In [1]:
from fastai.vision.all import *
from fastbook import *
from fastai.vision.widgets import *
import fastbook

# Get Data

In [2]:
data = untar_data(URLs.MNIST_SAMPLE)

Yes! It seems like we get a path object. But how do we get real image data for training and testing?

In [5]:
Path.BASE_PATH = data
data.ls()

(#3) [Path('labels.csv'),Path('train'),Path('valid')]

Wow, this way we can make the paths more cleaner. So two folders...

In [6]:
(data/'train').ls()

(#2) [Path('train/3'),Path('train/7')]

Only threes and sevens. Of course, this is only a *sample* of the MNIST dataset. So guess I know where to find the images now...

In [18]:
threes = [tensor(Image.open(i)) for i in (data/'train'/'3').ls()]
threes[1][10:20, 10:20]

tensor([[  0,   0,   0,   0, 249, 253, 245, 126,   0,   0],
        [  0,  14, 101, 223, 253, 248, 124,   0,   0,   0],
        [166, 239, 253, 253, 253, 187,  30,   0,   0,   0],
        [248, 250, 253, 253, 253, 253, 232, 213, 111,   2],
        [  0,  43,  98,  98, 208, 253, 253, 253, 253, 187],
        [  0,   0,   0,   0,   9,  51, 119, 253, 253, 253],
        [  0,   0,   0,   0,   0,   0,   1, 183, 253, 253],
        [  0,   0,   0,   0,   0,   0,   0, 182, 253, 253],
        [  0,   0,   0,   0,   0,   0,  85, 249, 253, 253],
        [  0,   0,   0,   0,   0,  60, 214, 253, 253, 173]], dtype=torch.uint8)

Hang there! It's not as easy as I think to write this line of code, because there are some gruesome parts. 
- First, you cannot just open the images and left them raw in the list, like `[Image.open(i) for i in (data/'train'/'3').ls()]` as I first did so. Writing code like this have many disadvantages. You can't access their data just by opening them. No matter what you do, you must turn them into tensors eventually. 
- Turning them into tensors is not an easy task. Because a `Tensor` and a `tensor` is very different! Calling the first one gives errors.

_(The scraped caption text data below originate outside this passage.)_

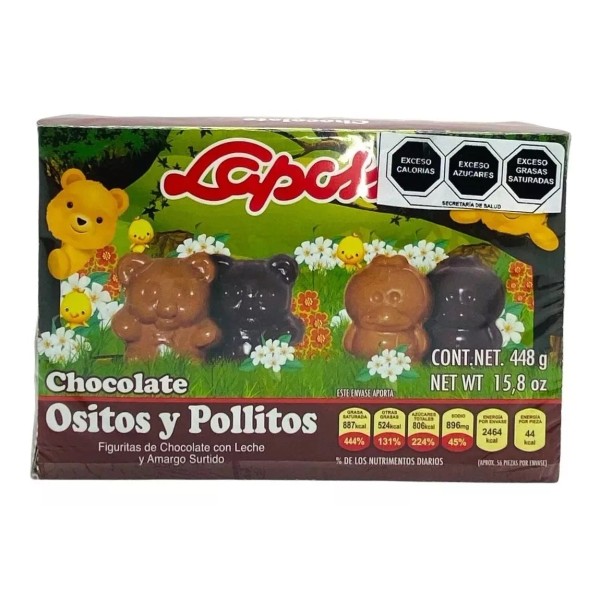 LAPOSSE Chocolates Ositos Y Pollitos Laposse 448g 56 Pzas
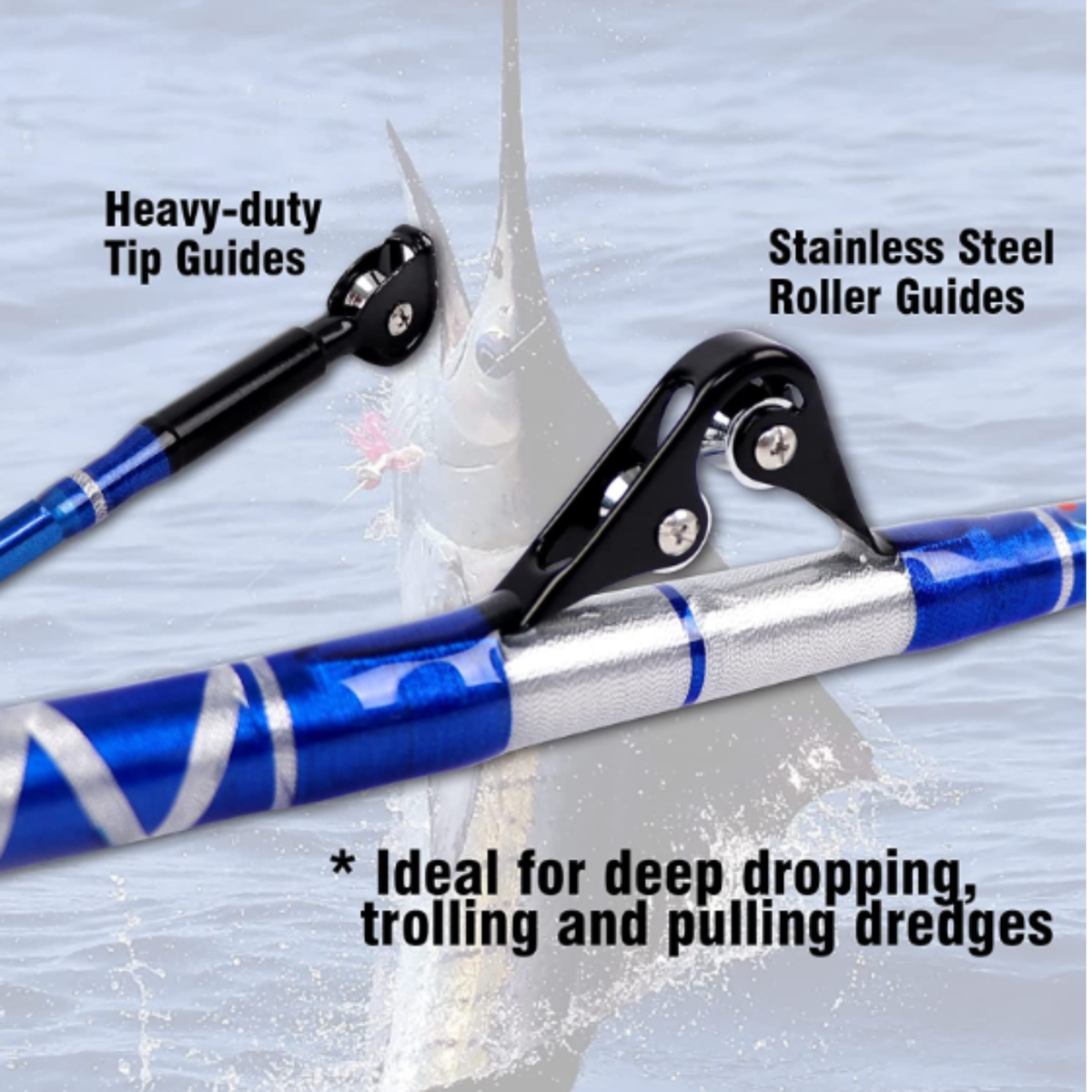 baitcast rod bent guides 2 Piece 5'6 Trolling Fishing Rod Bent Butt Roller Guides Saltwater 50-80 lbs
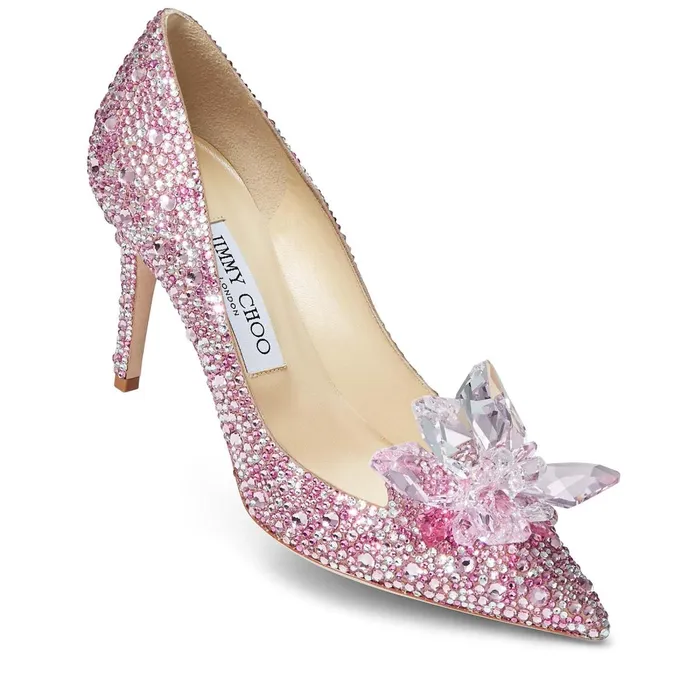 Alia Rose Mix Suede And Crystal Covered Pointy Toe Pumps Rose Mix Women JIMMY CHOO Pumps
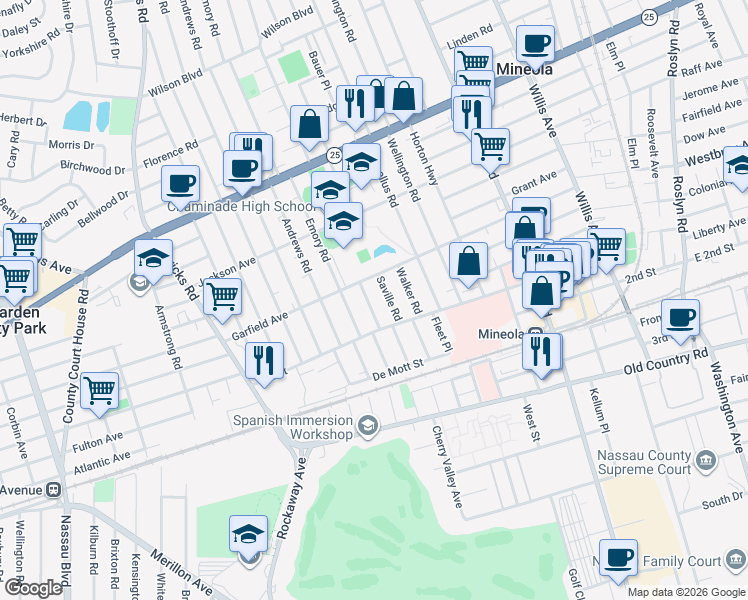 map of restaurants, bars, coffee shops, grocery stores, and more near 139 Saville Road in Mineola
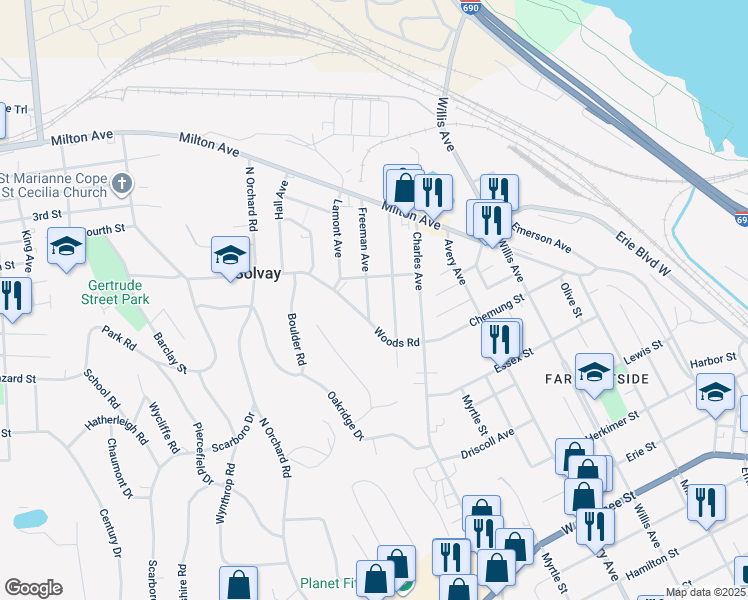 map of restaurants, bars, coffee shops, grocery stores, and more near 206 Freeman Avenue in Solvay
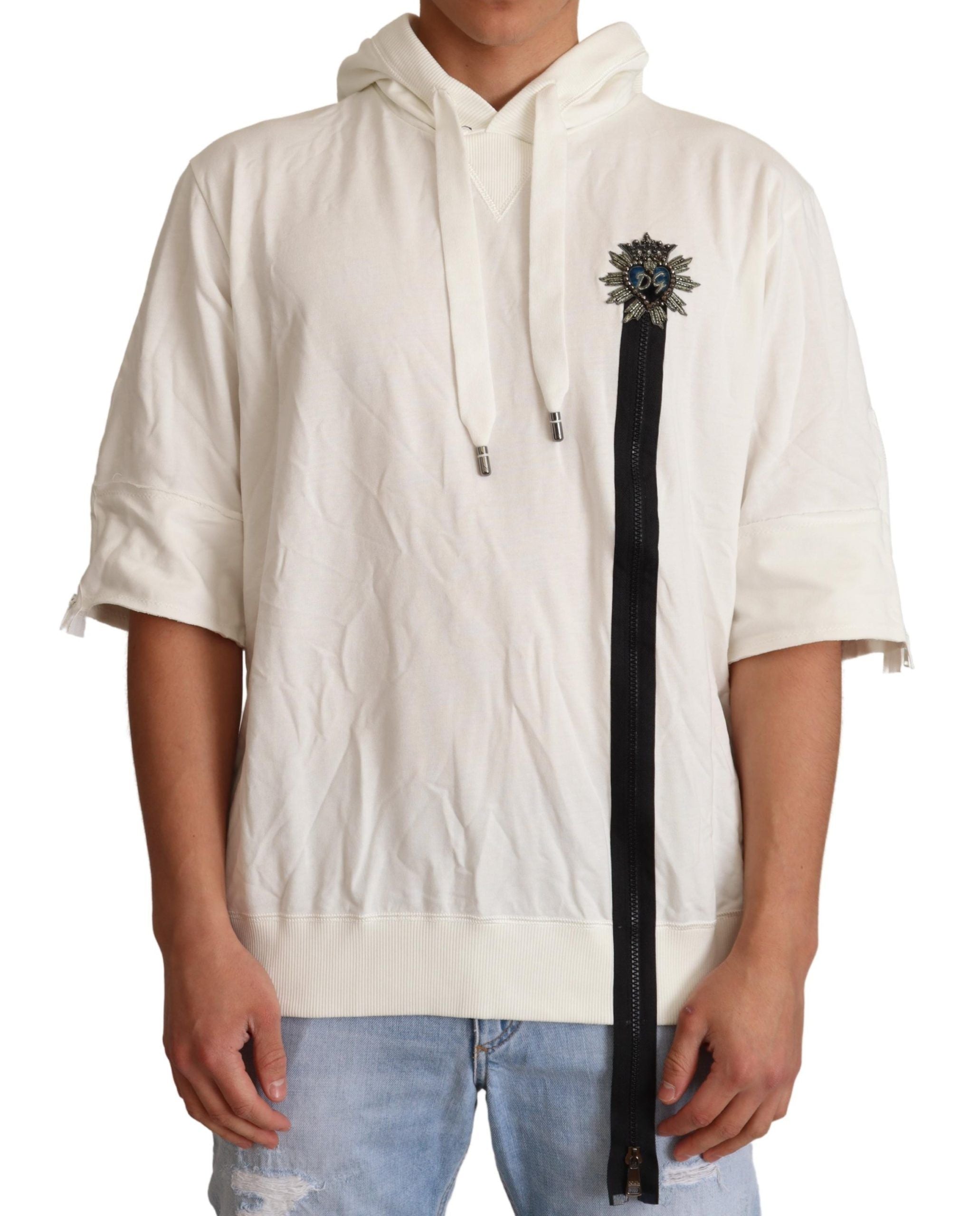 White hooded sweater by Dolce & Gabbana, limited edition, featuring a cozy hood and stylish design.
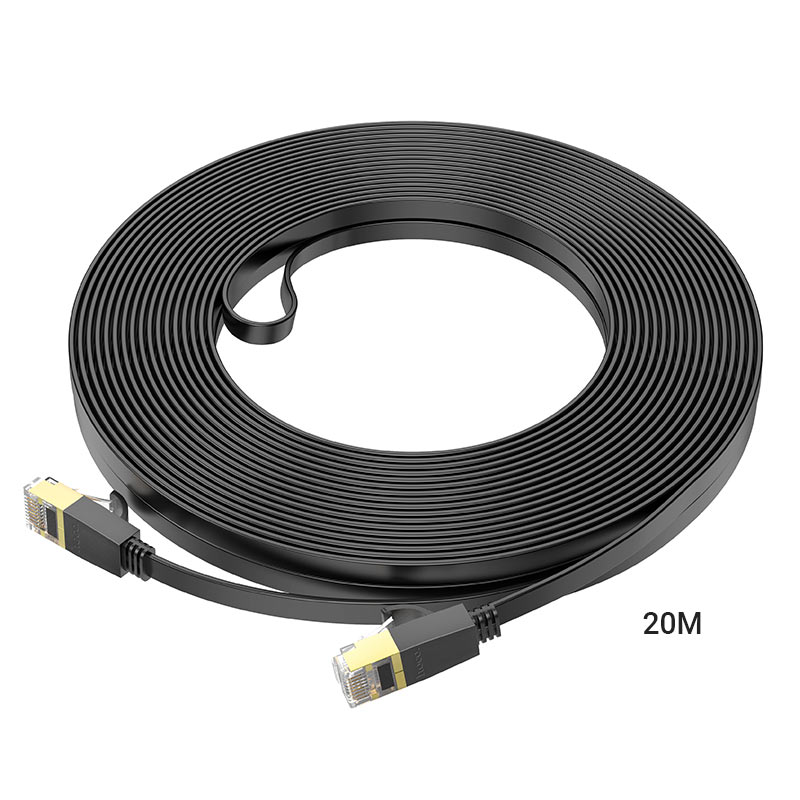Патч-корд интернет кабель HOCO US07, 20 метров, RJ45, черный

And now you get all of threes in the training dataset turned into tensors. Great!

In [19]:
sevens = [tensor(Image.open(i)) for i in (data/'train'/'7').ls()]
valid_threes = [tensor(Image.open(i)) for i in (data/'valid'/'3').ls()]
valid_sevens = [tensor(Image.open(i)) for i in (data/'valid'/'7').ls()]

Now we do this to the other images. But it is hard to miss that the data structure storing the tensors is not a tensor. If we train the model on pure python lists, it will be, well, very slow and discouraging. So what do we do next?

In [22]:
stacked_threes = torch.stack(threes)
stacked_threes.shape

torch.Size([6131, 28, 28])

Ok! We stack the items in the list together to make a huge 3-dimension tensor! We can use the same approach to stack the other lists.

In [23]:
stacked_sevens = torch.stack(sevens)
stacked_vsevens = torch.stack(valid_sevens)
stacked_vthrees = torch.stack(valid_threes)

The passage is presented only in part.